From the comments section of this posting on Secrecy News, I found a link to an article on Federal Computer Week regarding usage of wikis at the CIA.
This passage is of note:
Wikis and blogs allow real-time analysis and reaction to intelligence information to occur as quickly as users can update information, Andrus said. “It just happens, just like an ant hill happens."Blogs can be used to track and share individuals’ intellectual capital, especially their disagreements and mistakes, Andrus said. Wikis can aggregate common knowledge and wisdom, he said, and they don’t require participants to get permission to act or update.
“Wikis and blogs allow us to stand on the shoulders of others and have brilliant ideas we would not have had otherwise in the service of protecting our country,” Andrus said.

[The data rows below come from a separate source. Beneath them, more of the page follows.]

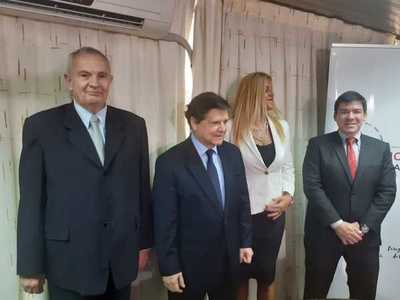 Asume nueva directora de Migraciones y Acevedo le pide 'lealtad’ » Ñanduti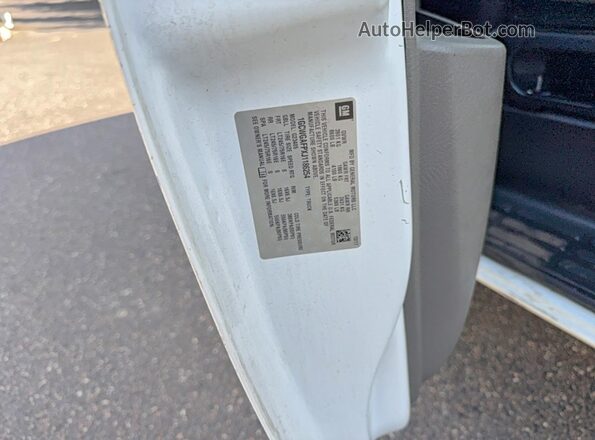 1GCWGAFPXJ1186254 2018 CHEVROLET EXPRESS White Widok tylnych siedzeń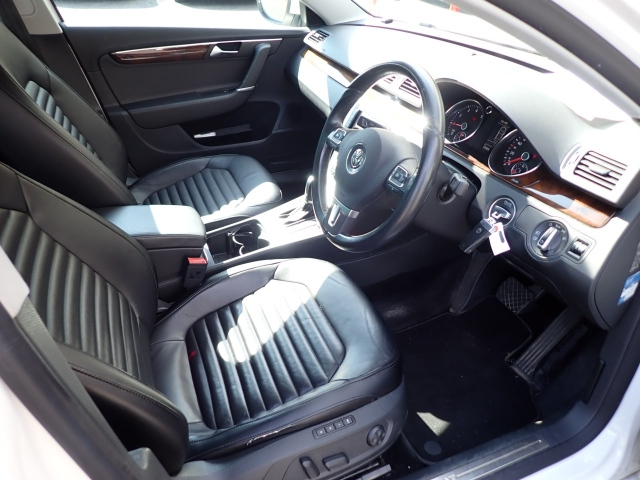 VOLKSWAGEN PASSAT 2014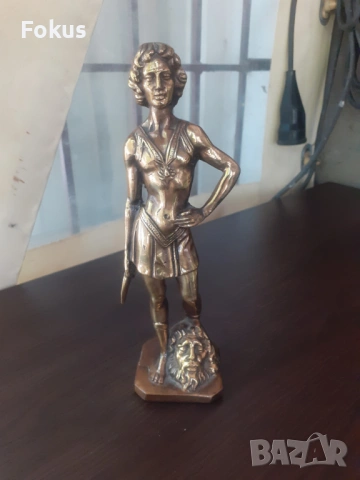 Невероятна стара бронзова статуетка фигура - Давид и Голиат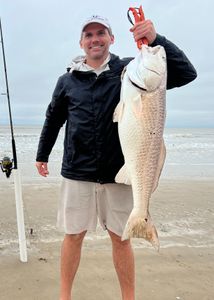 Hooking Redfish: A Galveston Adventure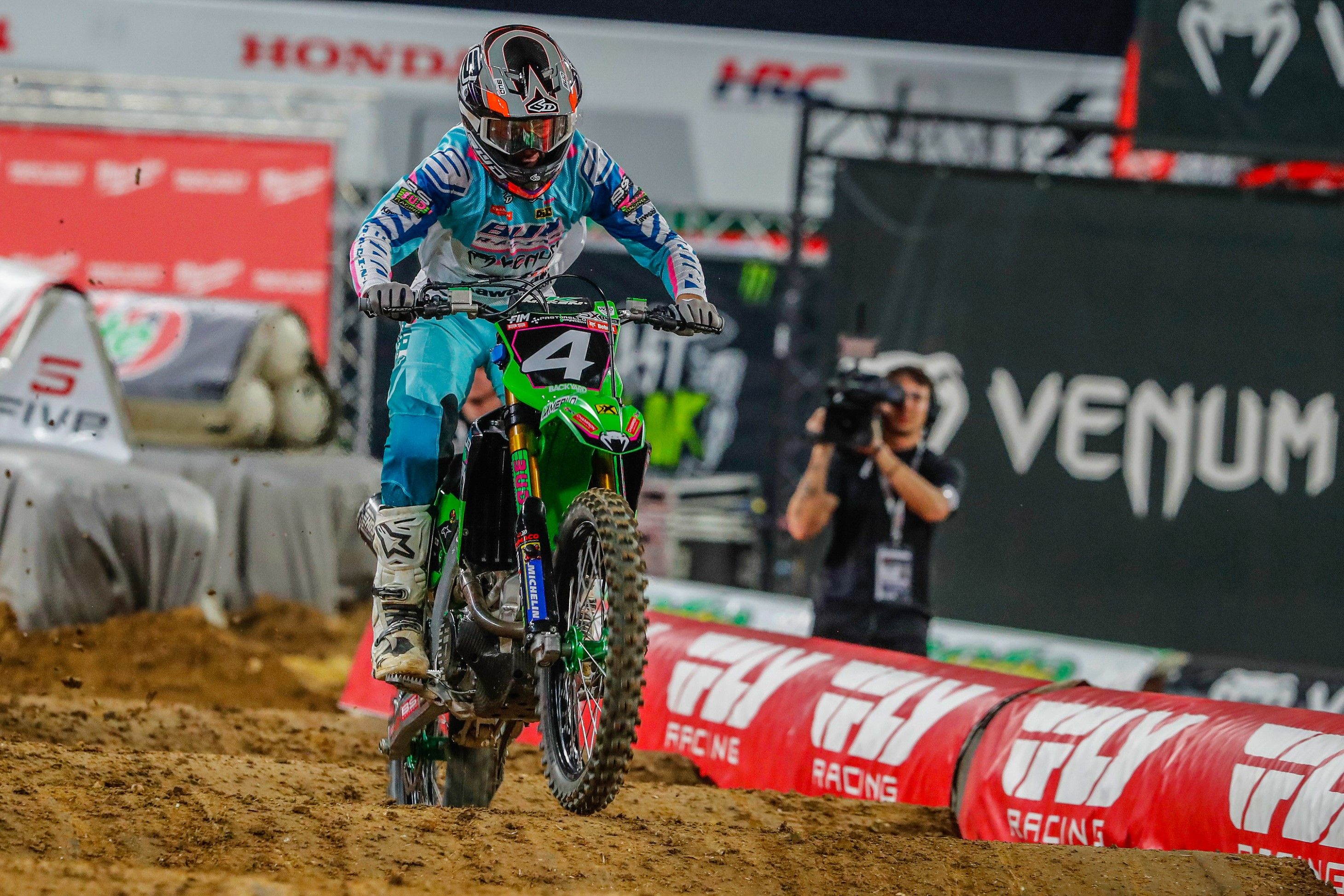 CLOUT SX PARIS PH 0300 (Grande)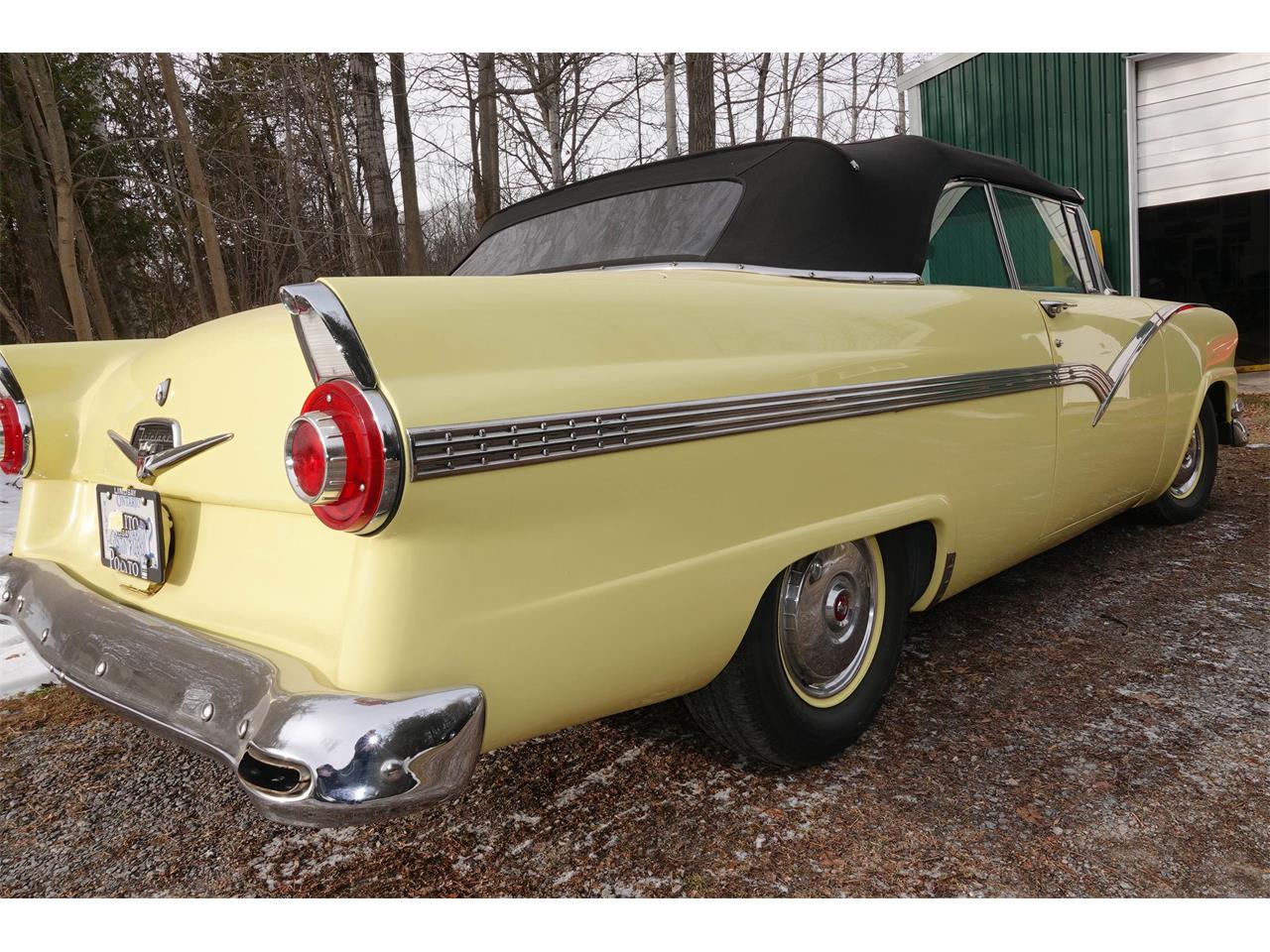 Ford-Sunliner-1956-Yellow-BlackWhite-3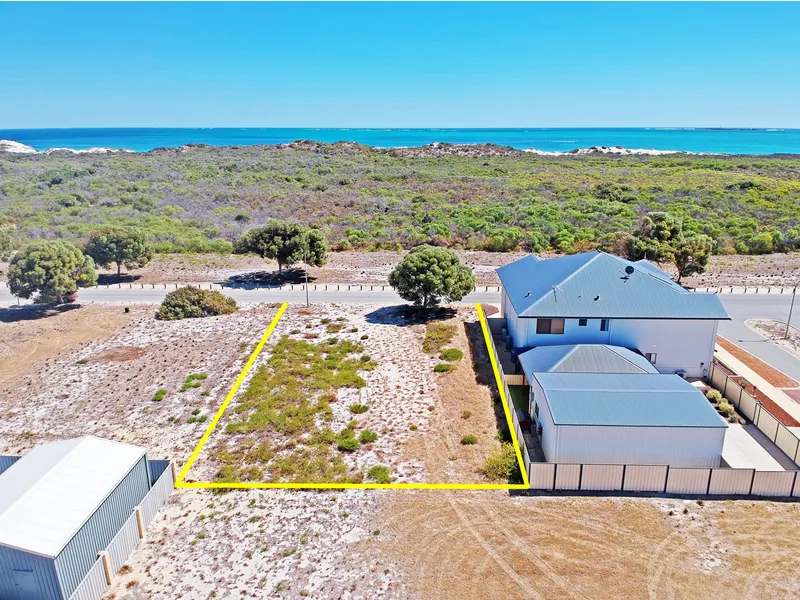 Ocean & Island Balcony Views
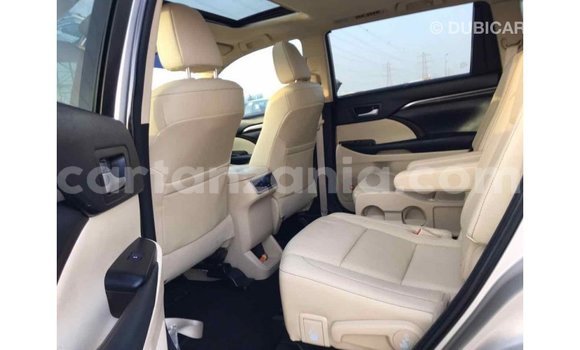 Nunua Imported Toyota Highlander Beige Gari ndani ya Import - Dubai nchini Arusha Nunua Imported Toyota Highlander Beige Gari ndani ya Import - Dubai nchini Arusha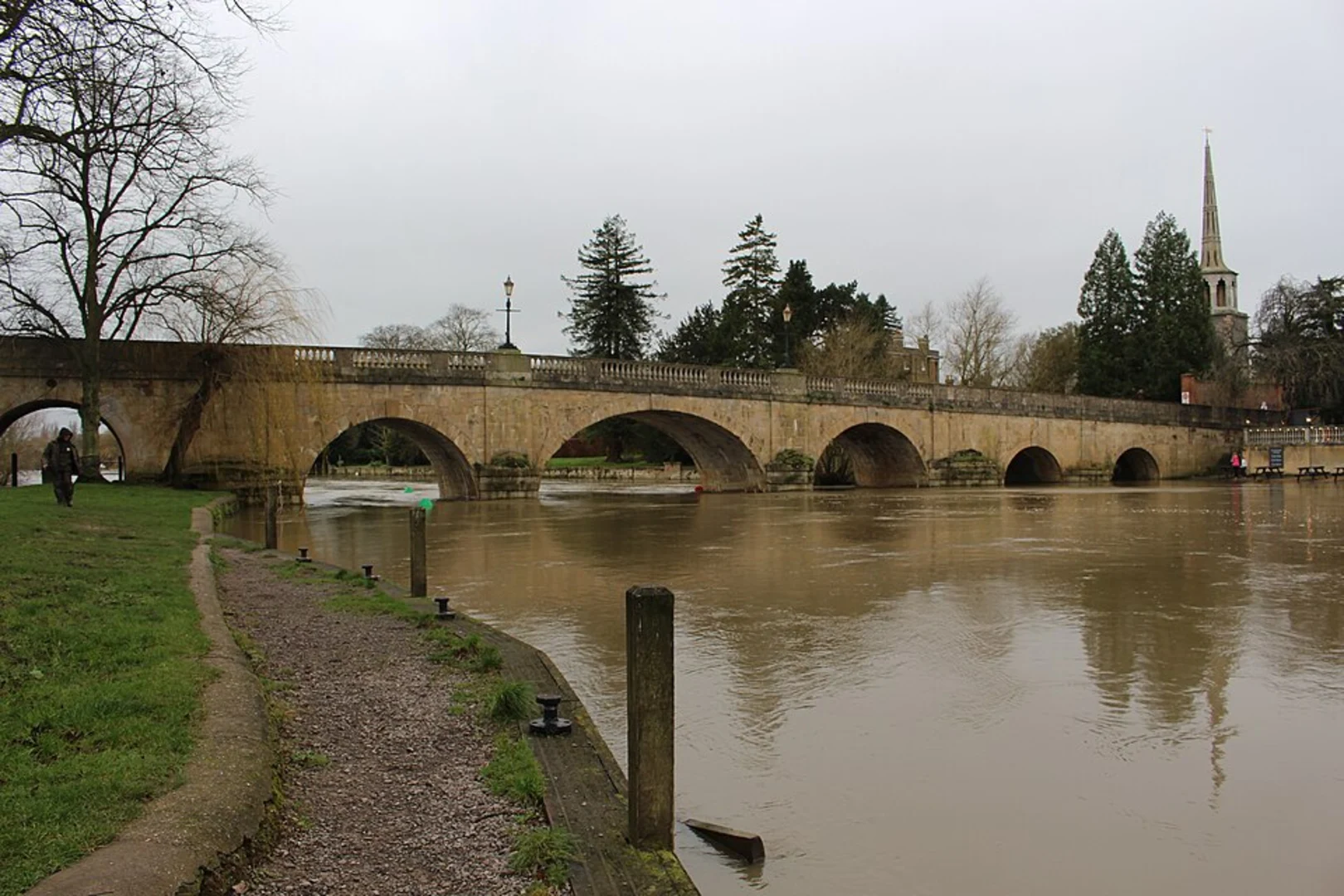 An image depicting the trail Streatley to Wallingford Loop via River Thames and its surrounding area.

The CIA already has more than 1,000 internal blogs and an internal wiki with about 10,000 pages, Andrus said. To encourage employees to release information, the agency had to change its policy forbidding the posting of any information on its network, he said. Emphasis and link mine
A wiki strikes me as an excellent resource for this type of information analysis. It lets people incorporate new information into the initial analysis in a distributed, but trackable, way. So Analyst 5, for example, can update the analysis immediately when he learns new information, spots a fallacy or spots an incomplete conclusion. And anyone reading the article can look at the tracking information to see who added that new analysis.